Reproduce the lines below exactly, from the one containing "1girl apex_legends blue_hair" through the one containing "Poster minimalista desenho", both included. Leave out any pictures.

> **Dataset records**:
▼▼▼
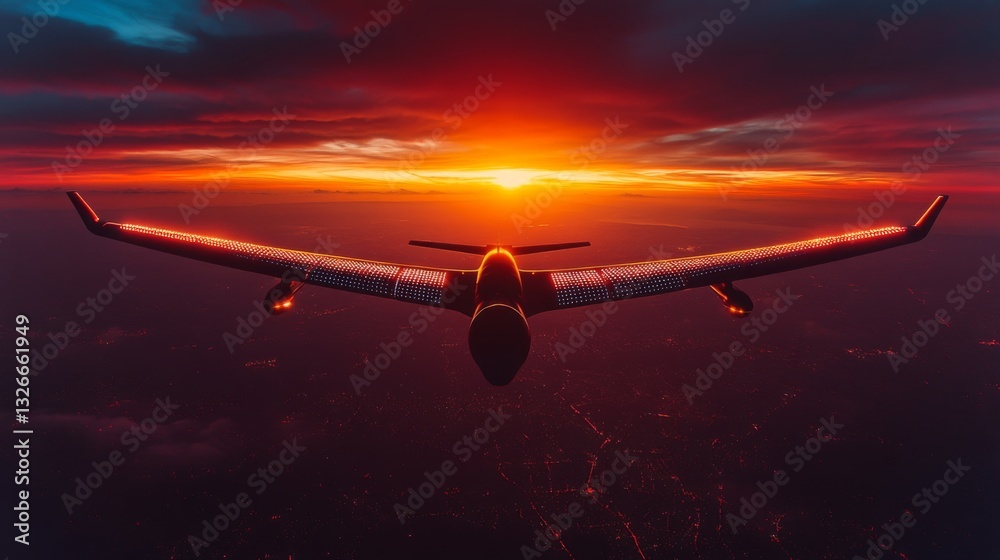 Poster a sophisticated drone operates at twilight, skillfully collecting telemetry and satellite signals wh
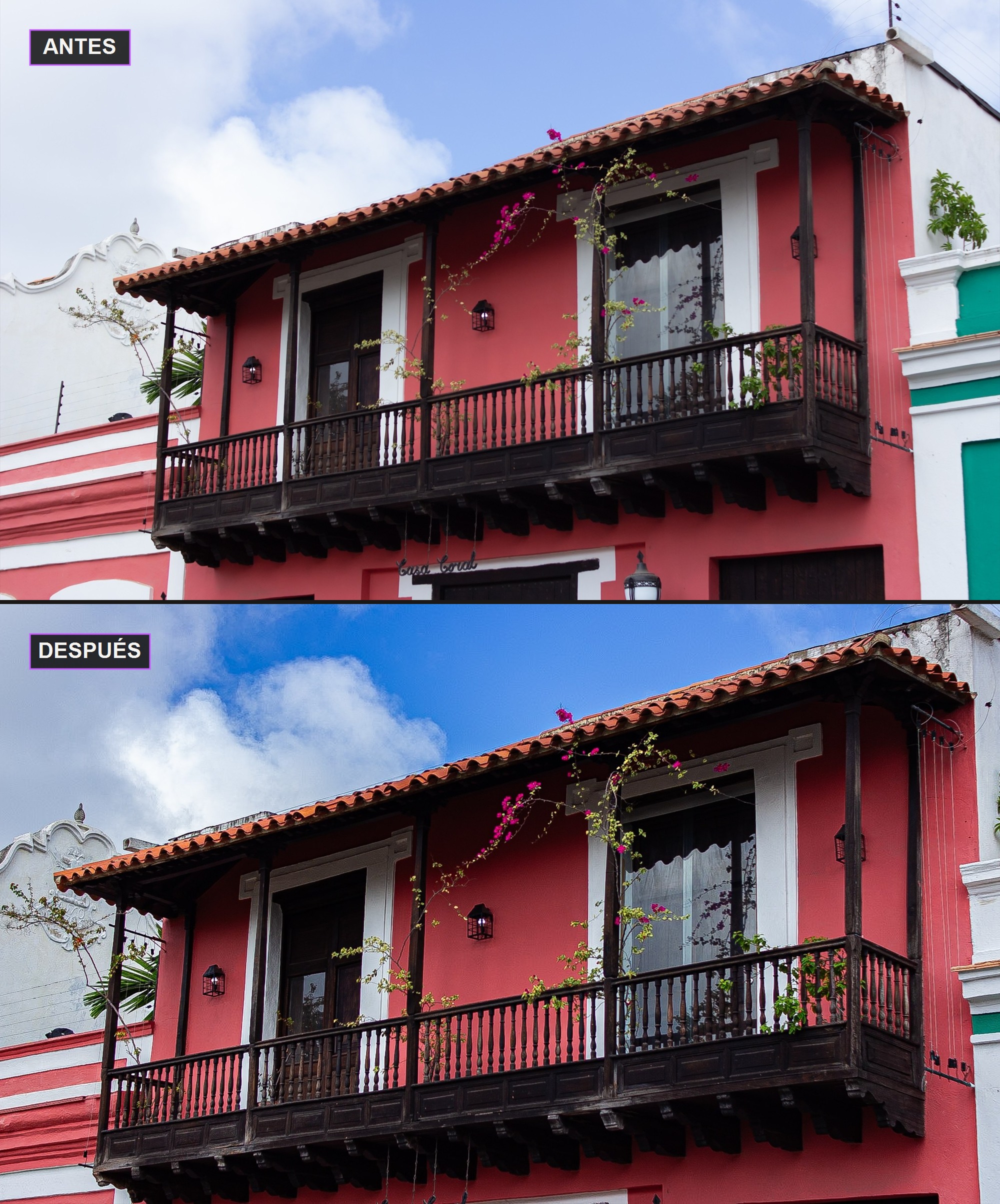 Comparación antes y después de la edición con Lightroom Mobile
▲▲▲
▼▼▼
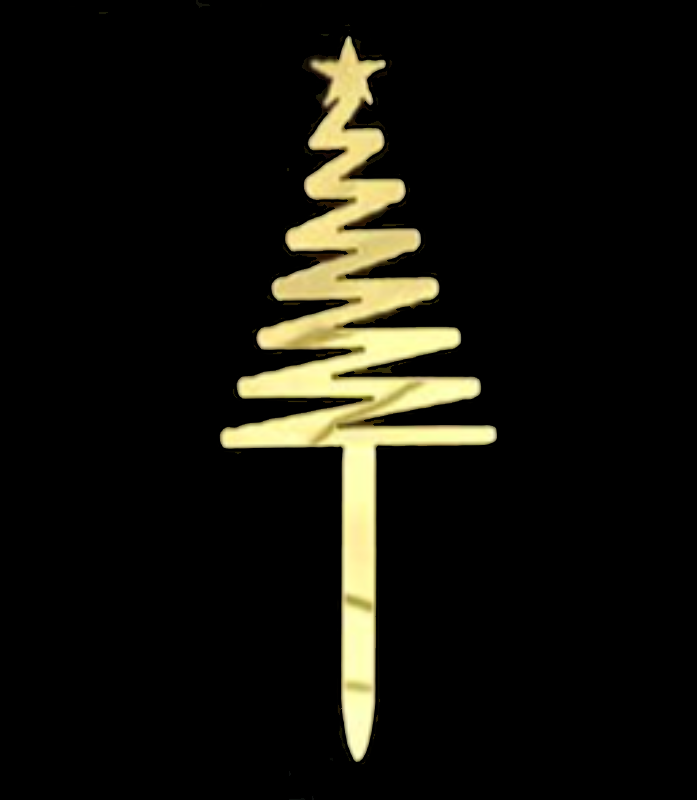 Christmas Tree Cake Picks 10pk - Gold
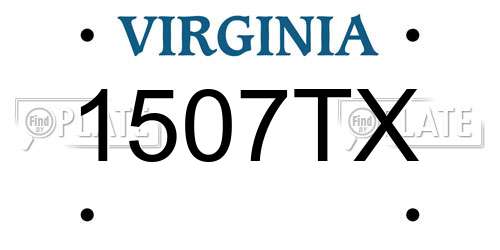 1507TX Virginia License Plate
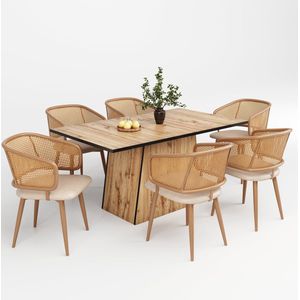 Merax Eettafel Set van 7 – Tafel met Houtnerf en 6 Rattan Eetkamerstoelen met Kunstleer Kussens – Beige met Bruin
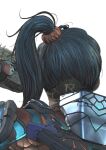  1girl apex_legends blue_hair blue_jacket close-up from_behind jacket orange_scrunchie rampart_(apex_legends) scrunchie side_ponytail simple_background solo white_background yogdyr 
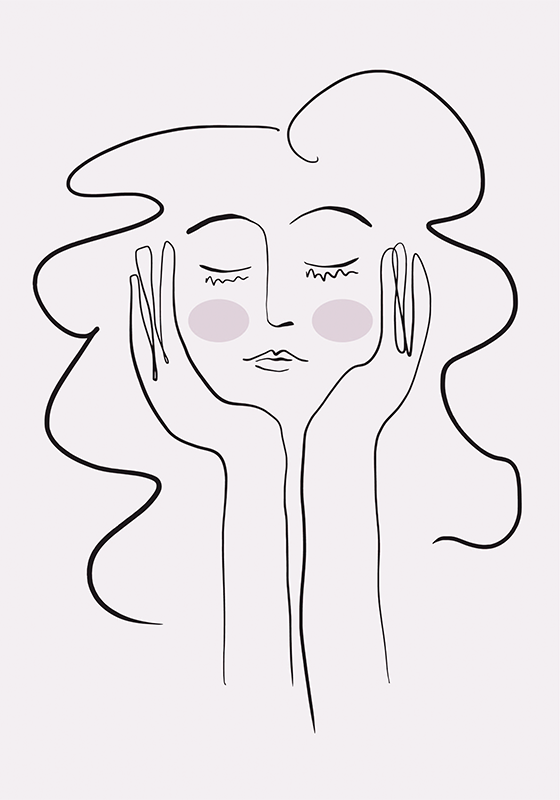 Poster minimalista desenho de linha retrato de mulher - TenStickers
▲▲▲
▼▼▼
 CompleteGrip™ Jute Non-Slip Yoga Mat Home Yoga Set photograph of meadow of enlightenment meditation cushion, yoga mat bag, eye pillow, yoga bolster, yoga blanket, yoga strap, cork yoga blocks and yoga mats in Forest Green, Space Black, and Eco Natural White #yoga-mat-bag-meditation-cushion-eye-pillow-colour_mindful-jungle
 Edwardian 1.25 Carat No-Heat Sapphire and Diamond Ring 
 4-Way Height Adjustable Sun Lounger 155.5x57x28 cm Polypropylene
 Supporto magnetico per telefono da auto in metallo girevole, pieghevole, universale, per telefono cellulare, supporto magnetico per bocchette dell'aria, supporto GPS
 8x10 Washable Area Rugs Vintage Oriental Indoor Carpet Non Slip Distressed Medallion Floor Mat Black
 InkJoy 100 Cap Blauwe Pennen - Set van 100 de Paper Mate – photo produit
▲▲▲
> **Response to this task**:
  1girl apex_legends blue_hair blue_jacket close-up from_behind jacket orange_scrunchie rampart_(apex_legends) scrunchie side_ponytail simple_background solo white_background yogdyr 
 Poster minimalista desenho de linha retrato de mulher - TenStickers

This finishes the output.